Today, University of Colorado faculty member Kevin Welner has an op-ed in the Orlando Sentinel criticizing the Office of Program Policy Analysis and Government Accountability (OPPAGA) report on the state’s corporate tax-credit voucher program and its fiscal impact. Welner argues that the claim of net savings to the state “is based on smoke and mirrors … [and] concocts its numbers out of thin air.” The key point: OPPAGA had to gather data or make an assumption about the proportion of voucher users who would have gone to private schools anyway. OPPAGA failed to gather data and assumed that only 10% of the students would have either paid tuition or received scholarships from the private schools. Based on that assumption, OPPAGA claimed that the state saved about $1.50 for every $1 it gave away (in the form of tax credits to corporations participating in the program).
Welner’s point is important: the arguments about the fiscal impact depend on whether you think that the participating students are increases in the poor students attending private schools. As the OPPAGA report notes, if only 60% are private students who would not have attended without the program, then there is no net fiscal benefit to the state, assuming the rest of their models are correct. Since the number of participating students doubled in the past three years, it should have been simple to ask whether the new students (who otherwise were eligible to attend public schools in Florida in the prior years) were transfers from public schools. There are fewer than 1,000 participating private schools in Florida, the schools have to track students individually for audit purposes, and OPPAGA had to contact them for another part of the report, anyway. Is the failure to gather the crucial data a matter of flawed research or is it the result of an explicit directive by politicians? (More on that other part later.)
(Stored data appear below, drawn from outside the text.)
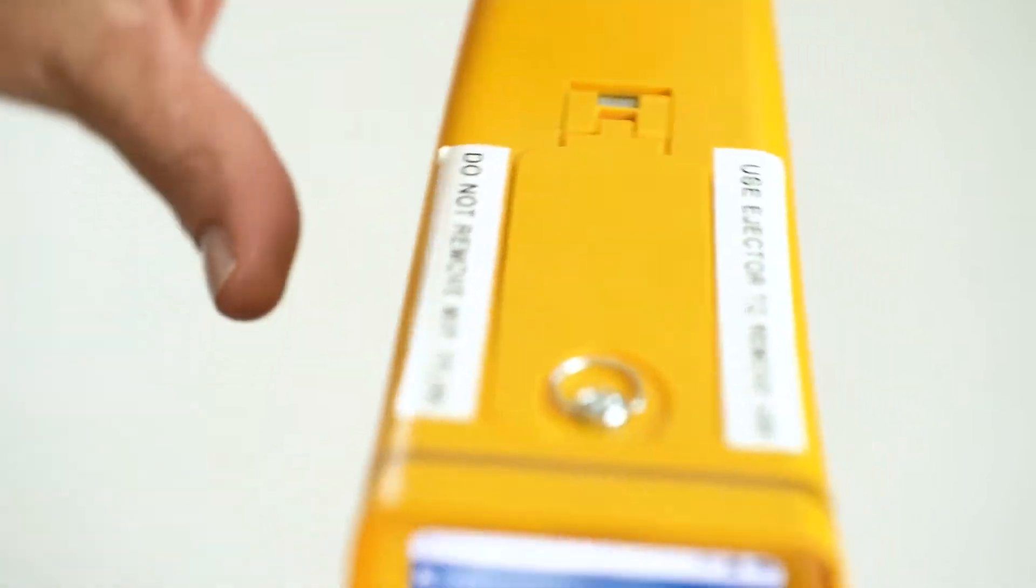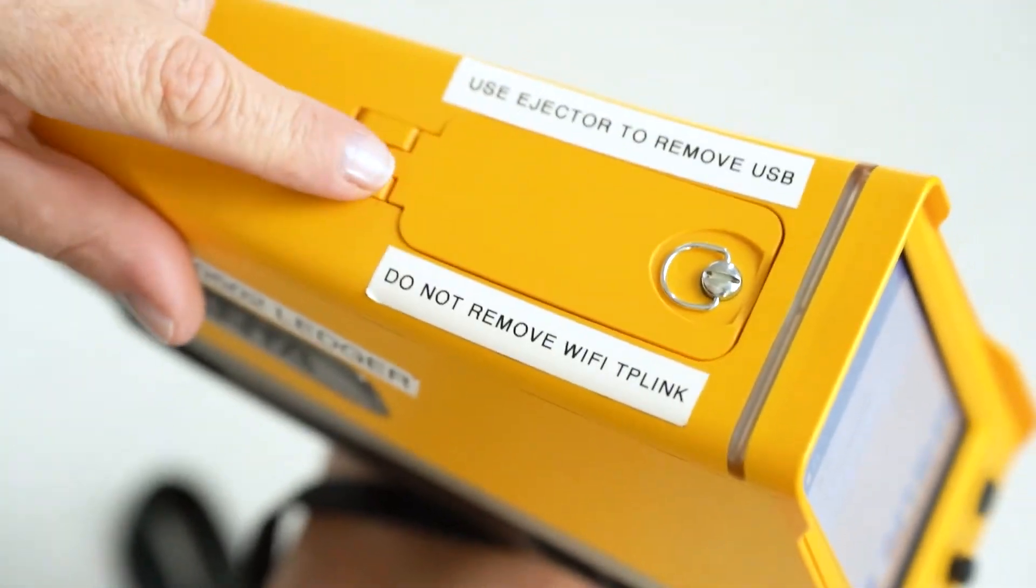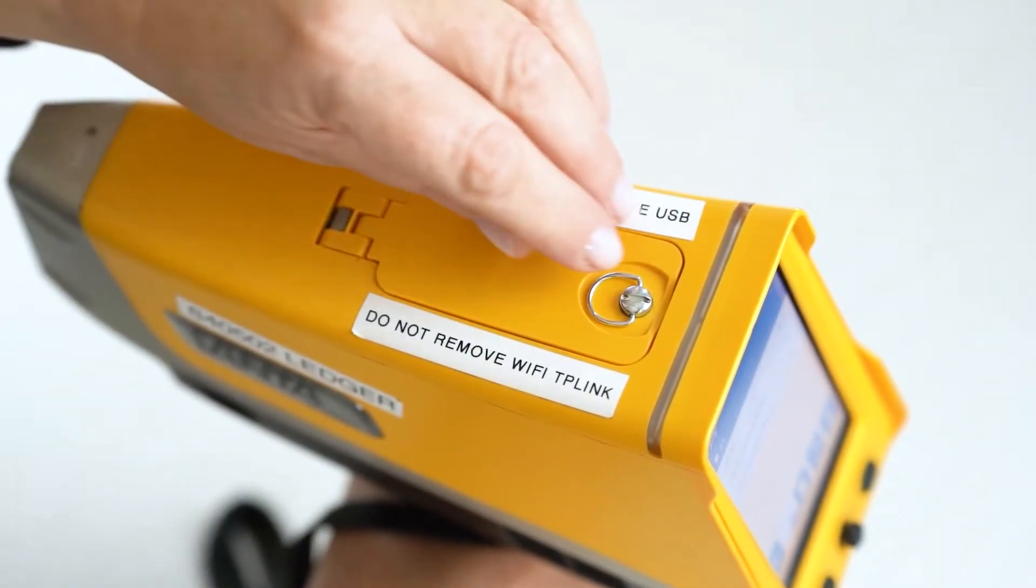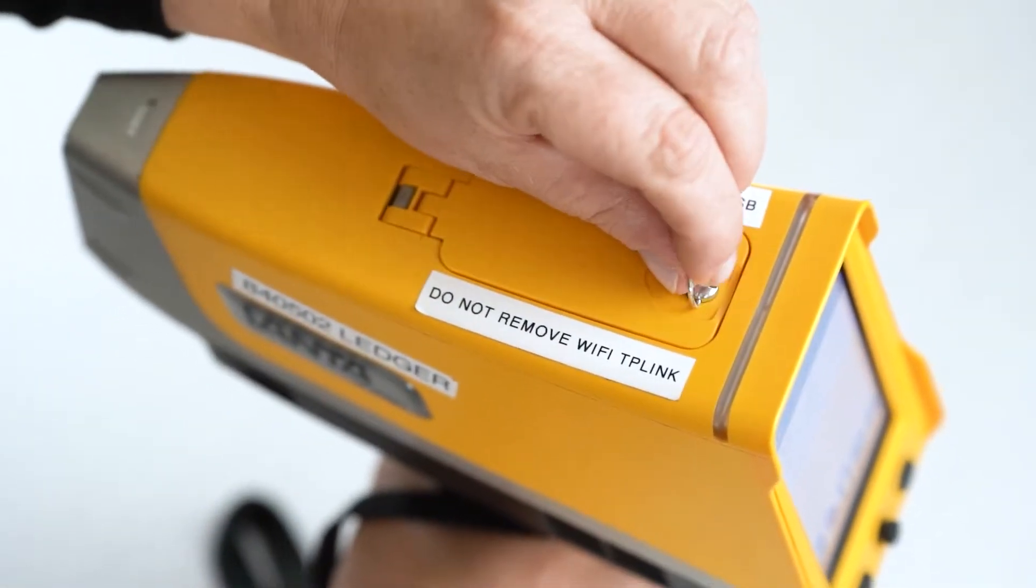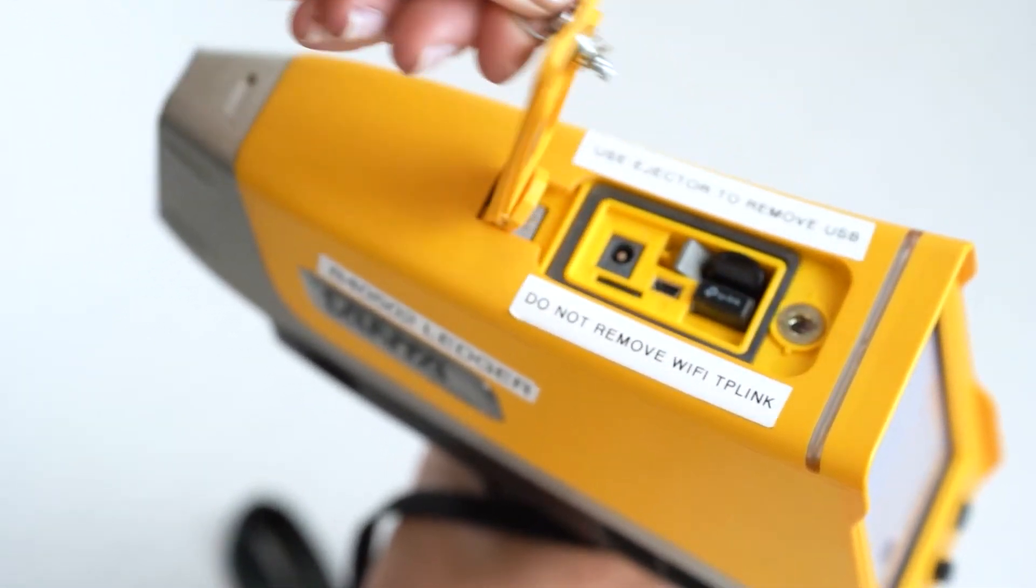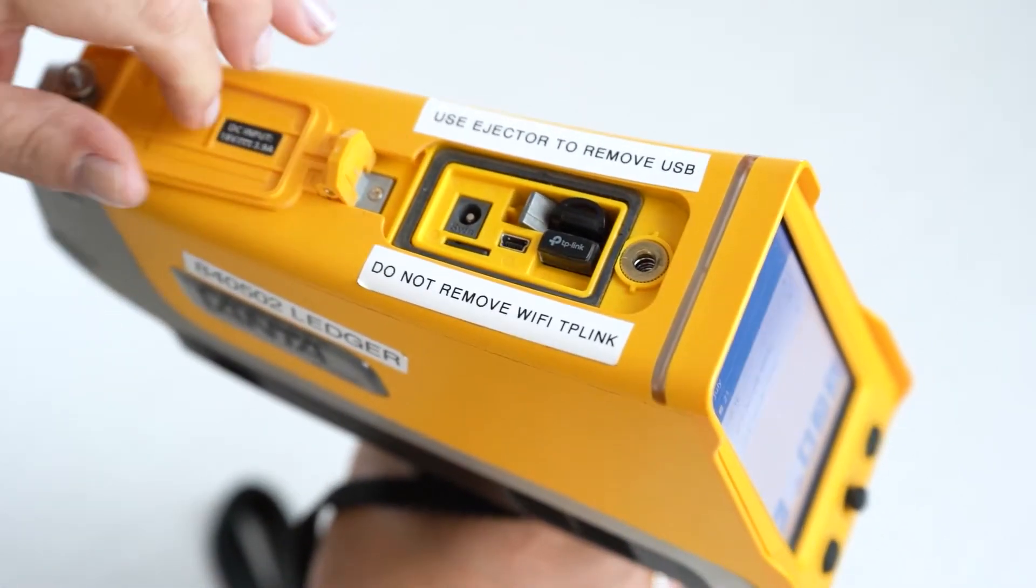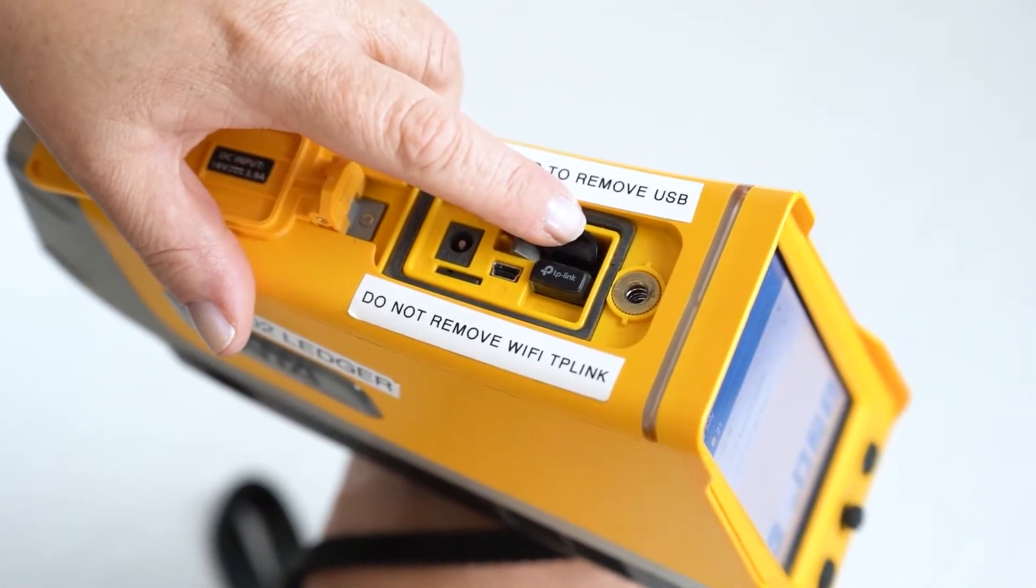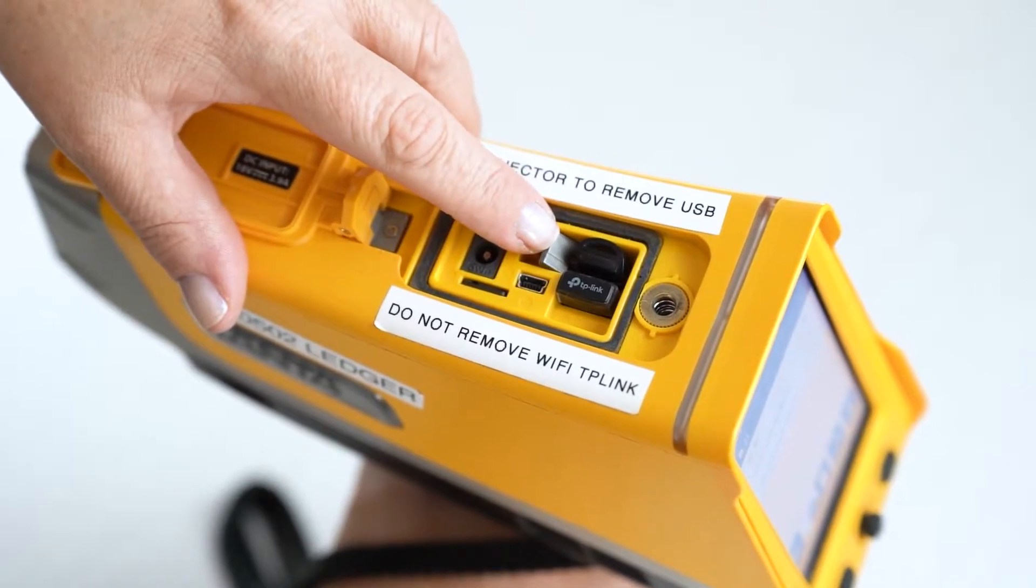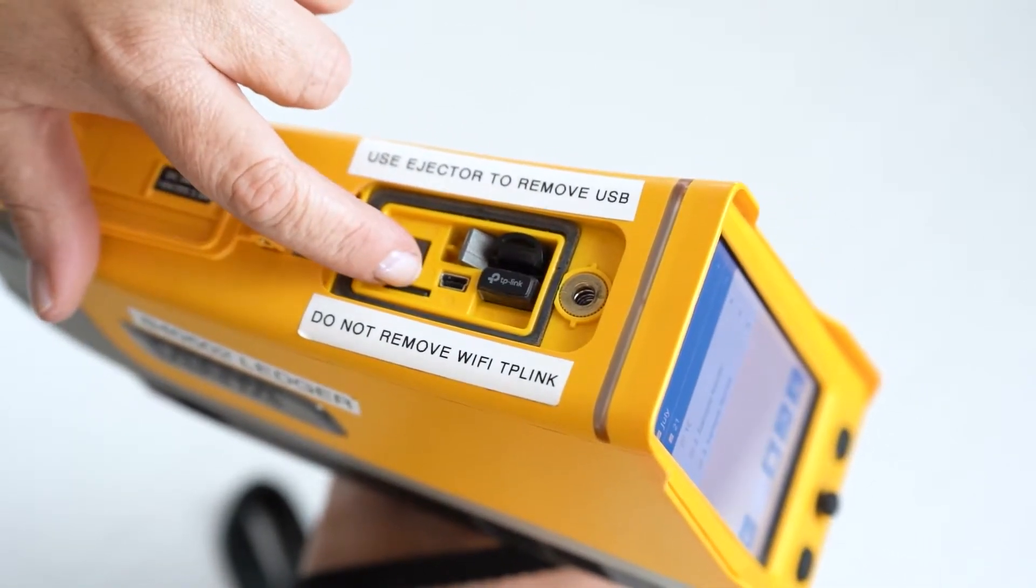You're going to go to the top of the instrument here and locate the data port cover. Grab the metal ring, turn it anti-clockwise, lift and open, and there you'll see the USB and the ejector button. There's also the SD card there.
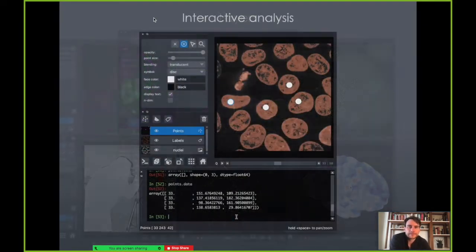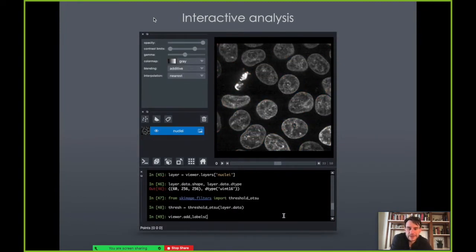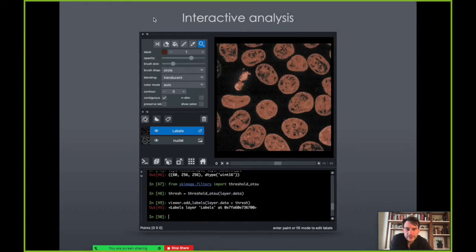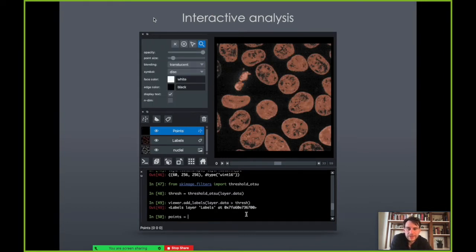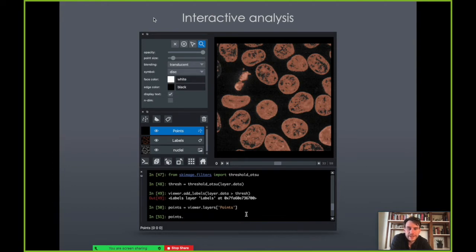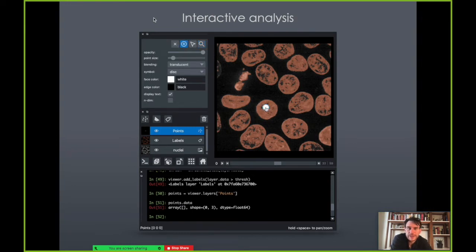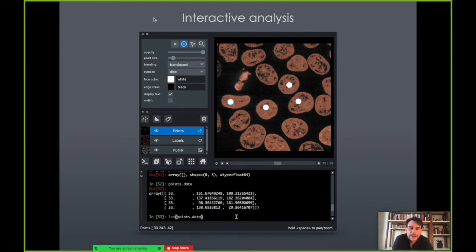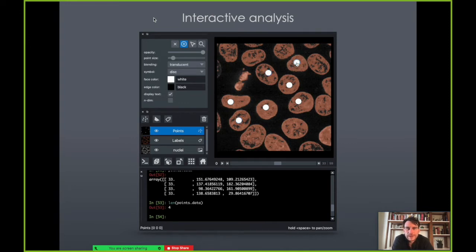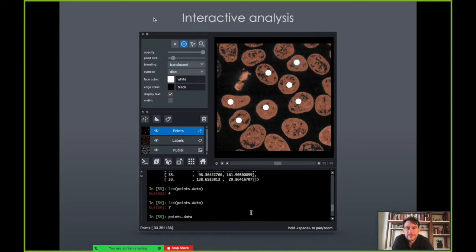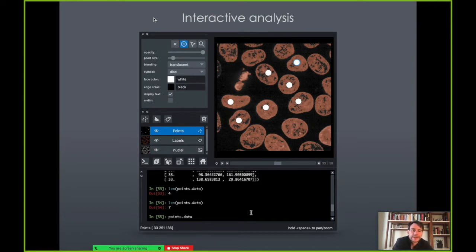Another thing that is really core to Napari is interactive analysis. Here you can see we've got a console at the bottom — this could be a Jupyter notebook or an IPython terminal. We've added a points layer. If we look at the points data right now it's empty, but if we manually start adding some points and come back to the console, we can see a NumPy array. If we ask how many points there are, it's four. Add some more and it's seven. You can be doing things in the GUI and then go into the console and get access to those Python objects right away — great for developing new analyses.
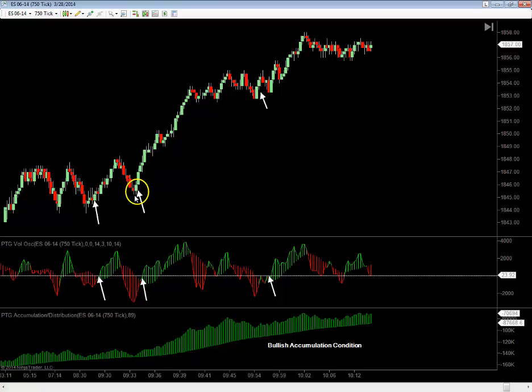A lot of people like using volume profiles, volume analysis, cumulative delta, and footprint charts. Those tend to be a bit more number-oriented, but for the visual trader, the Volume Oscillator offers you the same schema without having to interpret what an individual volume number actually means relative to the overall action. Very simple in its construction, very powerful in its use — I hope that helps improve your trading. Good trading, everybody.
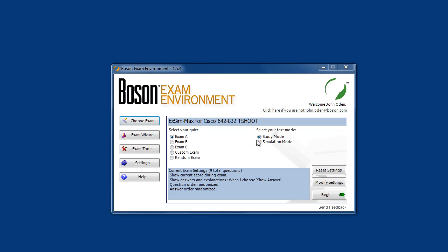Simulation mode gives you a timed exam and you're not allowed to see the correct answers or the explanations. We'll look at this exam in study mode, which is not timed and allows you to know whether you've answered the question correctly or incorrectly, and you can see a detailed explanation that will help you understand why your answer was correct or incorrect. Let's launch Exam A and get started.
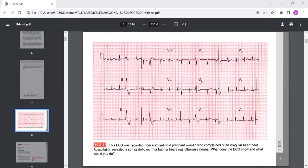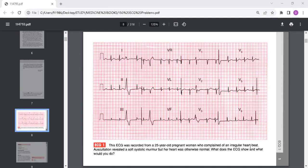Here you have an ECG recorded from a 25-year-old pregnant woman who complained of irregular heartbeat. On auscultation a prevailed soft systolic murmur but the heart was otherwise normal. What does the ECG show and what would you do? If you examine this ECG it shows sinus rhythm since each beat is being started by the SA node.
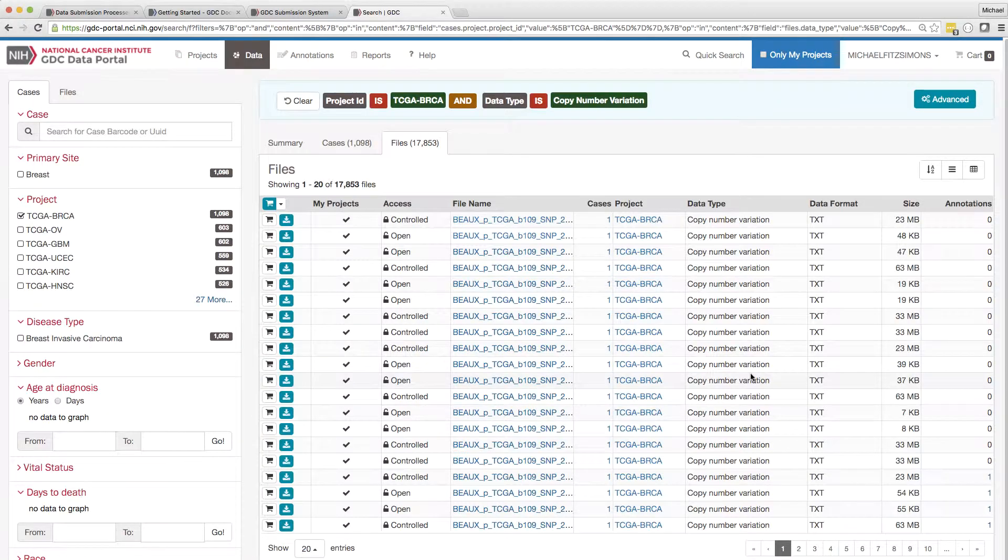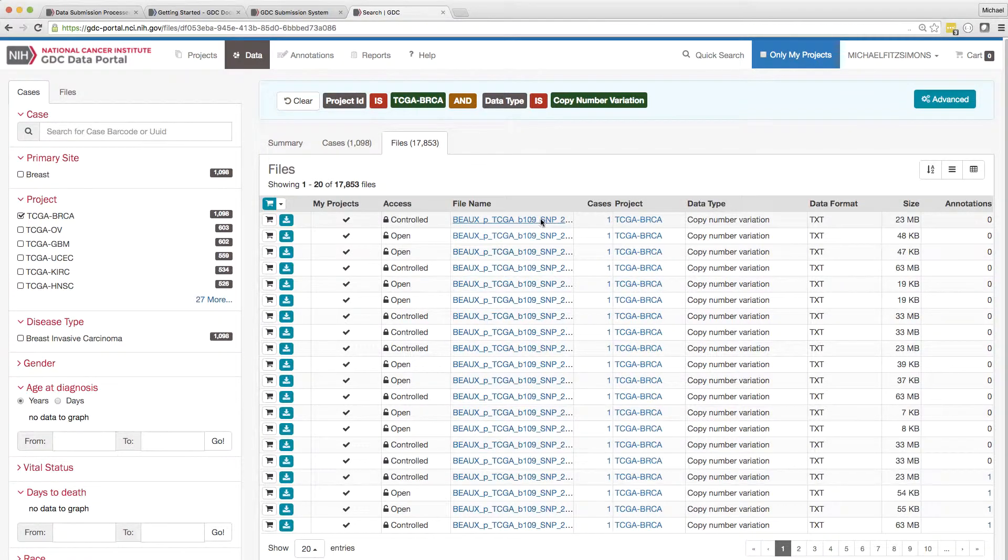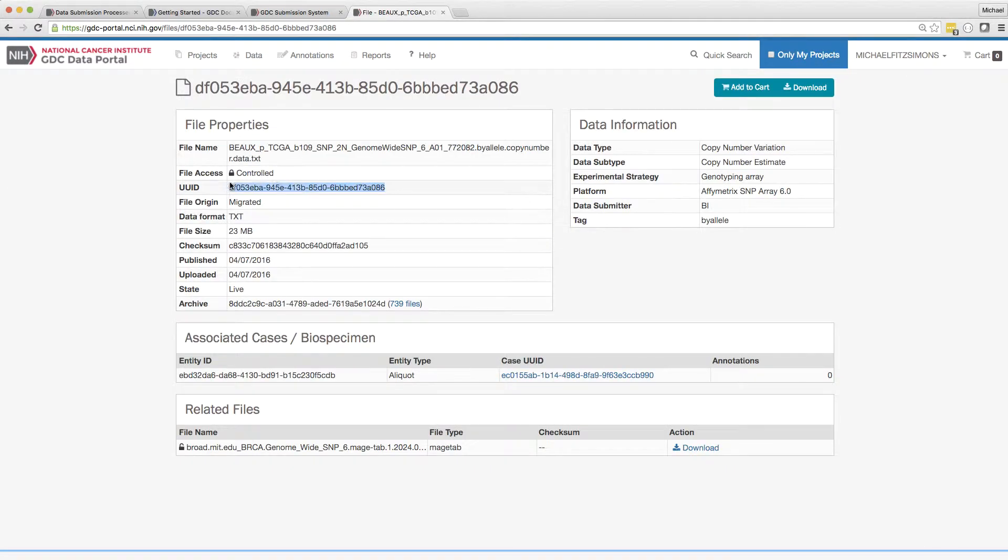Just as with the upload function, you can specify UUIDs directly or create a manifest.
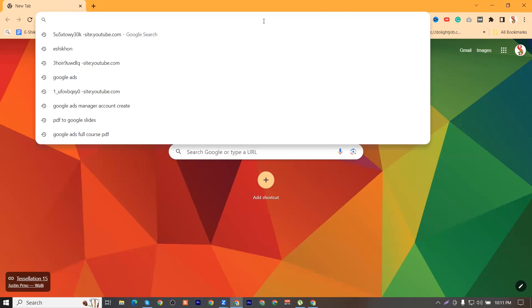We already have Google search. The name is Google search. We have a link to our website. We will type it in URL.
Then there’s the question about the rest of the model. As one correspondent with the St. Petersburg Times noted, there is no analysis in the report about the difference between the fixed and variable costs for students. Some part of the cost of public education is scalable by student, while some of it is not scalable. The fixed costs of running a school is the reason why districts with shrinking enrollments close schools: it doesn’t make sense to run a school for 50 students when the school was built for 500. If the beneficiaries of tax-credit vouchers are concentrated in a district, that district’s fixed cost does not decline, and it rises in proportion to the remaining students. Since more than half of the recipients in Florida last year lived in three districts (Miami-Dade, Orange, and Duval counties), those districts had to bear a disproportionate burden of those fixed costs to serve the remaining students. Given the relative size of the voucher program and the number of students (21,000), even the most affected district (Miami-Dade) would have seen marginal impacts. But it’s missing from the fiscal impact analysis, whose conclusions are distorted as a result. For similar reasons, a comprehensive fiscal-impact analysis would need to address the local costs of providing special education and other services that are not covered by the state or where the local district loses grant or categorical funding from the federal government. Depending on whether the federal government provides significant aid, a gain by the state may be balanced by a loss of federal funding. Essentially, the analysis is a simplified (and data-thin) calculation of the impact on the state government, not the impact on total revenues and services.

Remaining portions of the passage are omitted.